I can get around this by using rlang::ensym
bang-bang, which works the same in both tidy selection
f <- function(df, col) {
col <- rlang::ensym(col)
range(pull(df, !!col))
}
f(mtcars, disp)
#> [1] 71.1 472.0
f(mtcars, "disp")
#> [1] 71.1 472.0
var <- "disp"
f(mtcars, {{var}})
#> [1] 71.1 472.0
and data masking
f <- function(df, col) {
col <- rlang::ensym(col)
df <- mutate(df, new = !!col * 100)
tibble(df[1,])
}
f(mtcars, disp)
#> # A tibble: 1 × 12
#> mpg cyl disp hp drat wt qsec vs am gear carb new
#> <dbl> <dbl> <dbl> <dbl> <dbl> <dbl> <dbl> <dbl> <dbl> <dbl> <dbl> <dbl>
#> 1 21 6 160 110 3.9 2.62 16.5 0 1 4 4 16000
f(mtcars, "disp")
#> # A tibble: 1 × 12
#> mpg cyl disp hp drat wt qsec vs am gear carb new
#> <dbl> <dbl> <dbl> <dbl> <dbl> <dbl> <dbl> <dbl> <dbl> <dbl> <dbl> <dbl>
#> 1 21 6 160 110 3.9 2.62 16.5 0 1 4 4 16000
var <- "disp"
f(mtcars, {{var}})
#> # A tibble: 1 × 12
#> mpg cyl disp hp drat wt qsec vs am gear carb new
#> <dbl> <dbl> <dbl> <dbl> <dbl> <dbl> <dbl> <dbl> <dbl> <dbl> <dbl> <dbl>
#> 1 21 6 160 110 3.9 2.62 16.5 0 1 4 4 16000
contexts.
So, for me it seems the best option when writing functions that call dplyr verbs or ggplot aesthetics is to use the rlang::ensym()
bang-bang approach. However, ensym isn't mentioned at all in the Programming with dplyr or the Using ggplot2 in Packages vignettes, and while it seems like a "catch-all" solution (with the added bonus that I can use rlang::as_name()
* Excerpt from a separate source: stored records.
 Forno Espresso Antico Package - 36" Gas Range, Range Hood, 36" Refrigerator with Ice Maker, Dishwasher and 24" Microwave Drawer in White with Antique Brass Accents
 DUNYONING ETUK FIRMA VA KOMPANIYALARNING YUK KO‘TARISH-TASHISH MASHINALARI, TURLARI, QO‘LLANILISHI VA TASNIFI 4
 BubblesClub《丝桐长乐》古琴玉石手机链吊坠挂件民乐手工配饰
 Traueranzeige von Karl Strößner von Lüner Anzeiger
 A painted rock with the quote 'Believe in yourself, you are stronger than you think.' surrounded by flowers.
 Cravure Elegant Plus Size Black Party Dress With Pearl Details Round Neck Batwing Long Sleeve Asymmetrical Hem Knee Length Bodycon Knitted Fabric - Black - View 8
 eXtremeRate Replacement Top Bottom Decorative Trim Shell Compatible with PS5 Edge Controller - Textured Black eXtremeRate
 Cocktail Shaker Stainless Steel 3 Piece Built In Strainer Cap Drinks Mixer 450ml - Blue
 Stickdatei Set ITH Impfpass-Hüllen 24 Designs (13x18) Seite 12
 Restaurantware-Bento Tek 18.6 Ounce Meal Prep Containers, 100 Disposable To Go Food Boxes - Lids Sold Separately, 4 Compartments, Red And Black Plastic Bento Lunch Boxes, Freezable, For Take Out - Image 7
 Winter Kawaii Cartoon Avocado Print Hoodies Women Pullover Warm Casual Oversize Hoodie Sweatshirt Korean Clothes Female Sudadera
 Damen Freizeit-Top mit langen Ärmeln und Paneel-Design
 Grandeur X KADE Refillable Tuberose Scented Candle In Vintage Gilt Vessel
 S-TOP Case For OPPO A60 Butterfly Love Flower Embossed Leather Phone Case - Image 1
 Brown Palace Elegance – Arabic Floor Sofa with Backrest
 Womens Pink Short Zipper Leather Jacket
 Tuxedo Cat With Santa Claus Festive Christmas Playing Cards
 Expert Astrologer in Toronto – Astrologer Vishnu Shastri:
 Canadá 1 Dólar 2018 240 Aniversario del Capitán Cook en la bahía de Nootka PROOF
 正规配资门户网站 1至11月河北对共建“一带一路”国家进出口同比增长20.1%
to use the argument in standard evaluation functions), I feel like I must be missing something when other approaches are given more airtime and the rlang documentation states that " expr()
, enquo()
, and enquos()
are sufficient for most purposes but rlang provides these other operations, either for completeness or because they are useful to experts", and I'm not sure I'm much an expert in this area!
Does anyone else have any thoughts on this?